**What the task asks:**
A verbatim copy of the data is wanted, minus any picture in it.

**Dataset content:**
-------

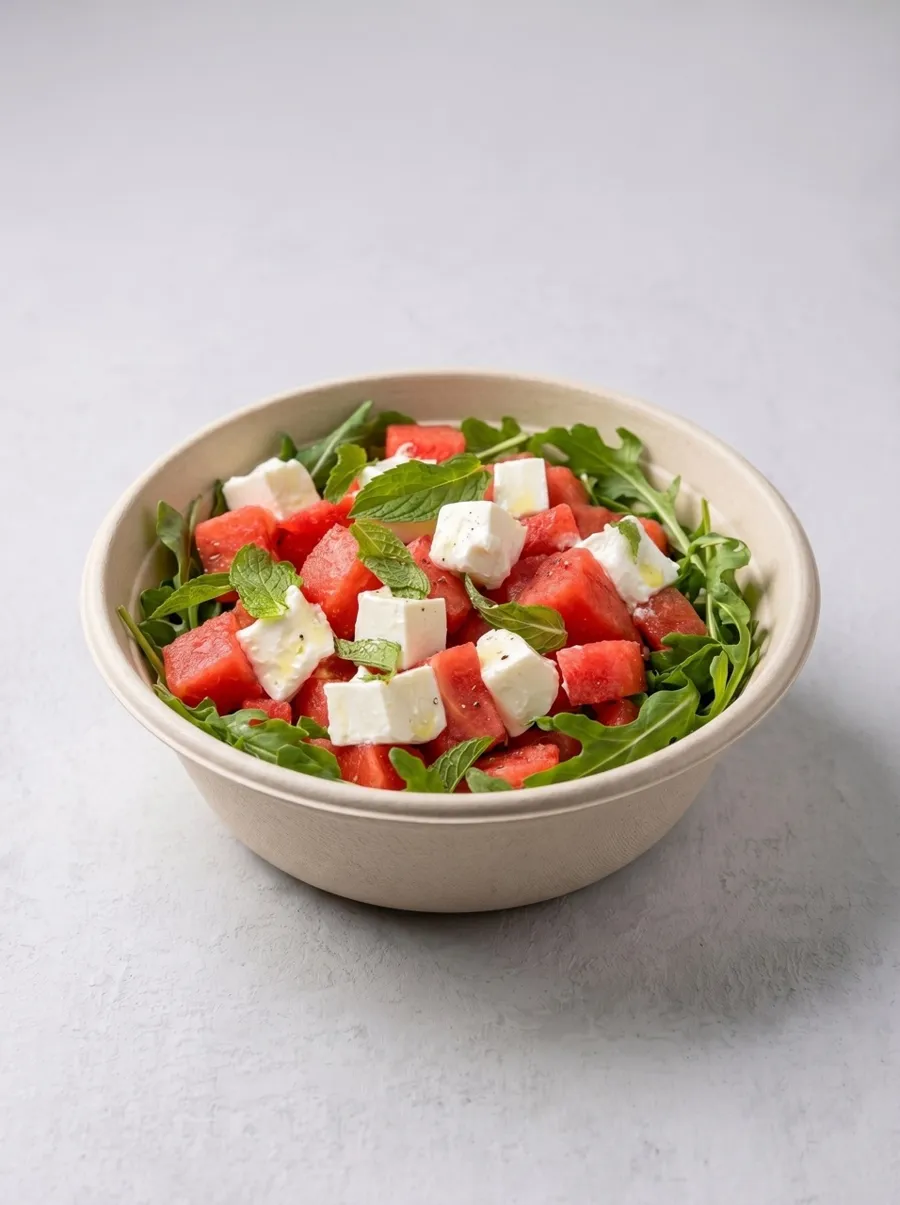 Melon feta salad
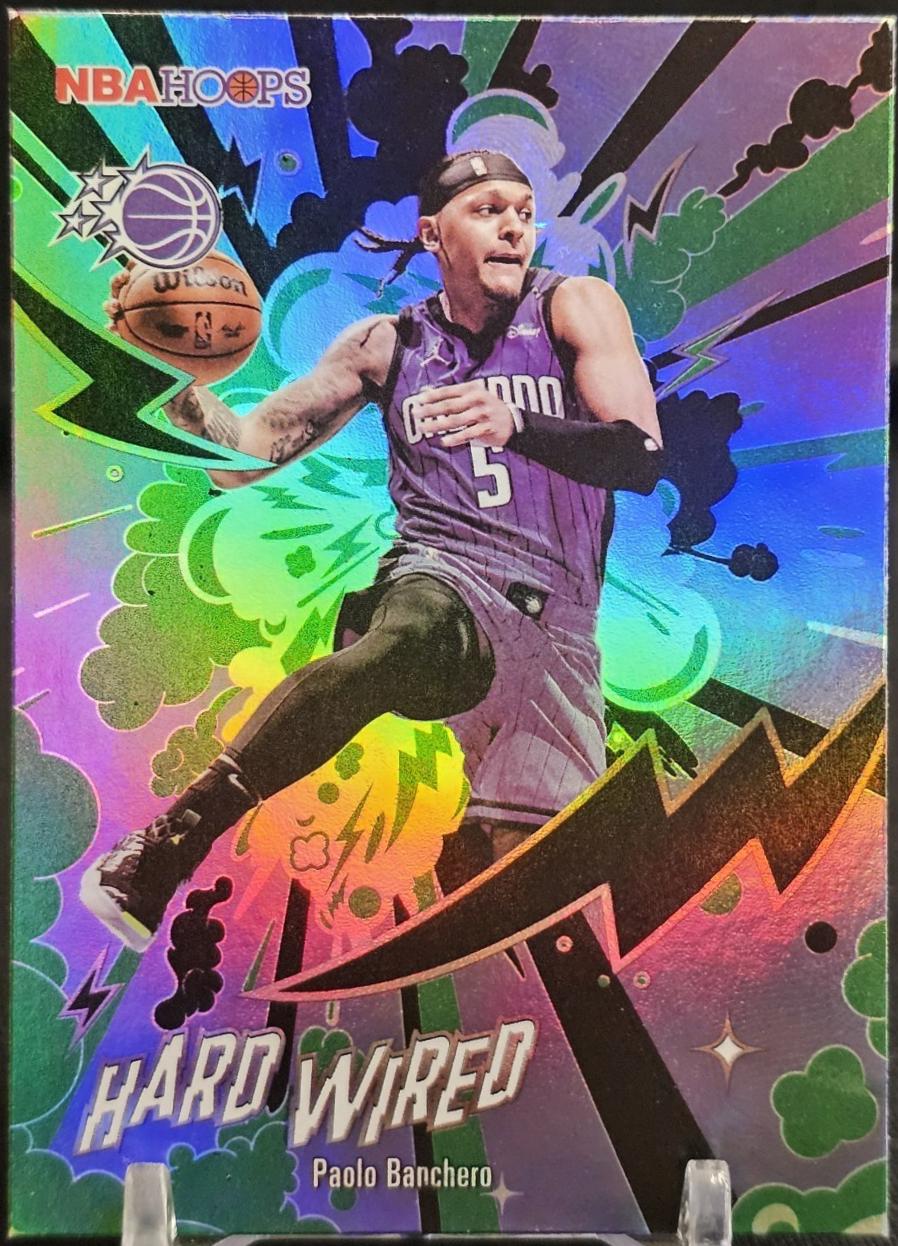 2025 Topps NBA Hoops Hardwired Paolo Banchero [Green] #HW-16 card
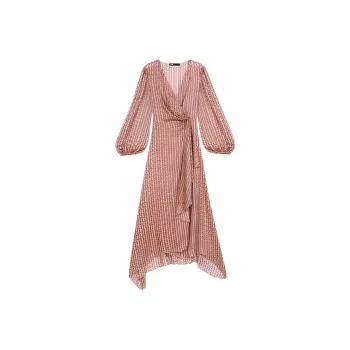 Maje Long Sleeved Dresses Women's Dark Pink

-------

**Answer box:**
 Melon feta salad
 2025 Topps NBA Hoops Hardwired Paolo Banchero [Green] #HW-16 card
 Maje Long Sleeved Dresses Women's Dark Pink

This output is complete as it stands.